3. I leave the outcome to God...................

What? I didn't know about that now, leaving my outcome to God! I didn't know whether I could count on God that much or not. And I was making pretty fair progress on my own with all the good therapy I was getting. It, even, might not be “according to His will'' to heal me and I didn't think I could bear that. I wanted to be normal again, able to play tennis, to sing in the choir again, to do my treasurer job at the church.

Tuesday, March 11, 2008

Driving Again-a Year after Brain Surgery


Now that the protective plate for my brain had been put in, and the incision healed, Jack took me to Superior Motors and helped me buy my '84 red Buick which I loved and have driven for many years since.

I wouldn't have to feel trapped anymore. I could get out of the house! I could go! But it had been so long since I had driven. So Jack called Gene B, a student driver instructor, to check my driving out before driving by myself. I drove slowly and with extreme caution; driving at first felt so unfamiliar. Gene passed me in spite of the fact I had to use my left foot on the pedals and drive with my limp right hand in my lap.

Monday, March 10, 2008

Treating the Infection at Home


It was a nasty complication.....infection had set in and would have to be treated intravenously. After three days in the hospital Jack was given a choice. I could remain in the hospital to have the infection treated or Jack could bring me home and treat the infection himself under the supervision of the Hospital Pharmaceutical Inc. Health Services which is a private home health service. They would supply the training, the medicine bags, the tubing, the needles and everything that would be needed. Jack elected to bring me a home.

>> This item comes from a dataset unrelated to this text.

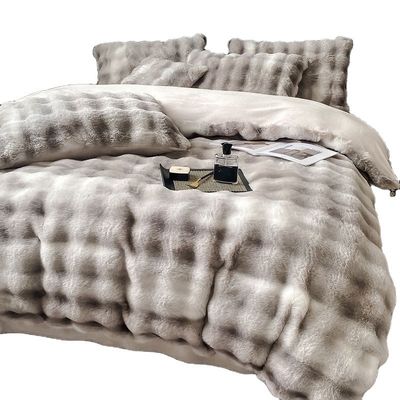 Luxury and Warm with Sustainable Milk Velvet Mink Rabbit Fur Bedding Set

He would have to drive me back to Columbia every week to pick up another supply of medicine and to have a new Heparin lock inserted in my left arm which would allow him - to inject the bags of antibiotic medicine.

His instructions were:

1. Get bag out of refrigerator and warm it up

2. Replace old bag with new bag

3. Get rid of old medicine in tube before you let new medicine in.

4.Let new medicine down in tube- get rid of air bubbles in tube

5. Change tube each day new medicine in bubbles in tube

6. Use saline solution to clean out rubber end of IV

7. Put needle in IV.

8. Put heparin solution in IV.

9. Put saline solution in IV

Use 4 needles a day.

He makes a note to himself: Every time I put needle in rubber end of in, I wipe it with alcohol

This procedure every six hours, 2 PM, 8 PM, 2 AM, 8 AM, would take about 20 minutes and after eight weeks finally knocked the infection out.

We were both so glad to get back to sleeping through the night.

Saturday, March 8, 2008

Complications from the Skull Replacement Plate


About a month later, because I was unable to see the top of my head in the mirror, I asked my daughter Sally, who is a nurse (on one of her many visits home to be of help to me) to please look at the incision and see why it continued to itch. She took a long look at my scalp....... and then told me she could see the plate.

She scrutinized the incision further and saw that it was oozing.

It hadn't healed. Evidently, some stitches had popped loose making it possible for Sally to see the underlying plate. So, back to the hospital again to restitch my scalp. But due to the scarred tissue left from the removal of the first brain tumors the scarred tissue left from the removal of the second brain tumor and scarred tissue from the plate just put in, it was terribly hard to pull the two sides of the incision back together. The surgeons had not been able to catch but one of the layers of skin.... which leaves a hole in my scalp.

Skull Replacement Plate=Slightly Less Paralysis

Dr. Paysinger seemed bewildered as to why I was showing signs of improvement in my right arm after the plate was put in. Instead of it just hanging limply by my side, I could now lift it slightly. I told him I was sure I knew why... Because, before the plate was put in, my scalp lay flat on my brain due to the large amount of diseased skull bone that had to be sawed out (making me look like a cone head) and was, evidently, putting a little pressure on my brain. But after the plate was put in, the plate lifted my scalp off my brain and the pressure was relieved.